Con veinte años lo había tenido todo en
sus manos pero ya no le quedaba nada excepto terribles deudas, una mujer
loca y la convicción de que él y su proyecto literario había fracasado
estrepitosamente.
La suya es una de las biografías más tristes de la
historia de la literatura, a la que brindó, sin tener tiempo para
recoger sus frutos, algunas de sus páginas más brillantes.
“Todo buen
escritor nada por debajo del agua y aguanta la respiración”, le escribió
a su única hija, Frances Scott Fitzgerald .
Por aquel entonces él ya
sabía que se había desmoronado antes de tiempo, pero que tenía la
obligación de seguir: “La prueba de una inteligencia de primera clase es
la capacidad para retener dos ideas opuestas en la mente al mismo
tiempo, y seguir conservando la capacidad de funcionar.
Uno debería, por
ejemplo, ser capaz de ver que las cosas son irremediables y, sin
embargo, estar decidido a hacer que sean de otro modo”, escribió en su
testimonial El Crack up.
Fitzgerald simboliza como ningún otro escritor
de la Generación Perdida el descalabro de la sociedad norteamericana de
entreguerras, su profunda crisis de valores, su euforia inicial y su
demolición final.

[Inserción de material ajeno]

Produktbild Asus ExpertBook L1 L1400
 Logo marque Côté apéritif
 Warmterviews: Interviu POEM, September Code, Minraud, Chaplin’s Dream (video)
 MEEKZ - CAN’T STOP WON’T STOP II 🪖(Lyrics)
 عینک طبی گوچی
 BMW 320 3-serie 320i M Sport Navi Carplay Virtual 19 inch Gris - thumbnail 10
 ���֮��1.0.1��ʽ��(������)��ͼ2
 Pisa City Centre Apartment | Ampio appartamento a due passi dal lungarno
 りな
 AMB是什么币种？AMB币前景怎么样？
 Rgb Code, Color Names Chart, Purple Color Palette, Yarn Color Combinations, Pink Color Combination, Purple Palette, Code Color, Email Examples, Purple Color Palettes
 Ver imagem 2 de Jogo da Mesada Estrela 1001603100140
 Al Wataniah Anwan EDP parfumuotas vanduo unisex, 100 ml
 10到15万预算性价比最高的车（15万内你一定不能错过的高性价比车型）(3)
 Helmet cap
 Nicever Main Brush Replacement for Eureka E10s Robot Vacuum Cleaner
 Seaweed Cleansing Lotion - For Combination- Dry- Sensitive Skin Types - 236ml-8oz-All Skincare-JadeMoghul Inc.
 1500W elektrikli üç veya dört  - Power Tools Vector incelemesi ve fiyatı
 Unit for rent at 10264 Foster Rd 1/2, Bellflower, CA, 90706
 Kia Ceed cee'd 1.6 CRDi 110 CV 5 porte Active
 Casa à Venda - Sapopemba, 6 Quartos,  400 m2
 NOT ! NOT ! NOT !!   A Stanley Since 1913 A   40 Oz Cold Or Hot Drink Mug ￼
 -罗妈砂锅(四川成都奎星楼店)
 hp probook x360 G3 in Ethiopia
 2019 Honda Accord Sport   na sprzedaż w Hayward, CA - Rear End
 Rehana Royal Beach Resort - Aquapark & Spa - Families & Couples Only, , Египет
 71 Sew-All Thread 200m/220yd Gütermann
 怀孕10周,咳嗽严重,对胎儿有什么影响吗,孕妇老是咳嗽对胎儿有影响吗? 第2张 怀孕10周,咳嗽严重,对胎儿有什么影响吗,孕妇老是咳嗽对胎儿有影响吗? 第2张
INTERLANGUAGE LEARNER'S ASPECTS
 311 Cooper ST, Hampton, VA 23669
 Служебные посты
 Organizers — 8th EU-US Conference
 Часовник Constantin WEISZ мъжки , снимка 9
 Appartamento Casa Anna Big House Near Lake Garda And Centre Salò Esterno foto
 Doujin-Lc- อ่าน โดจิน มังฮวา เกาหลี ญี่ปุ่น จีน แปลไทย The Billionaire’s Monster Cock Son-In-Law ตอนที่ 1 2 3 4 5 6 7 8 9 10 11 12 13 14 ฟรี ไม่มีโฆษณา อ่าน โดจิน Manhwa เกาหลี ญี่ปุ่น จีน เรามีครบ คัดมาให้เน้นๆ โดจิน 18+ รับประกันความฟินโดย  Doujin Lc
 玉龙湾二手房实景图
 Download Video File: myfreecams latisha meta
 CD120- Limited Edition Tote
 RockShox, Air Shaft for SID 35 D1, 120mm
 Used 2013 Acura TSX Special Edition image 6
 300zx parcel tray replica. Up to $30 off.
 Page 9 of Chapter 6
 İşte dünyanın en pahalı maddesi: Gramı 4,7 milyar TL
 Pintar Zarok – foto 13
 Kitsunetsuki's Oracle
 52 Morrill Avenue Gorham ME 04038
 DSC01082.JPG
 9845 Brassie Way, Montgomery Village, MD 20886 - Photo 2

Aquel joven estudiante de Princeton que solo lamentaba
no ser mejor jugador de fútbol, reconoció que provenía de un tiempo ya
caduco.
Malgastó su talento y sus fuerzas intentado vencer a la
implacable ofensiva del fracaso, convencido de que la felicidad había
estado en sus manos pero la había dejado escapar sin remedio.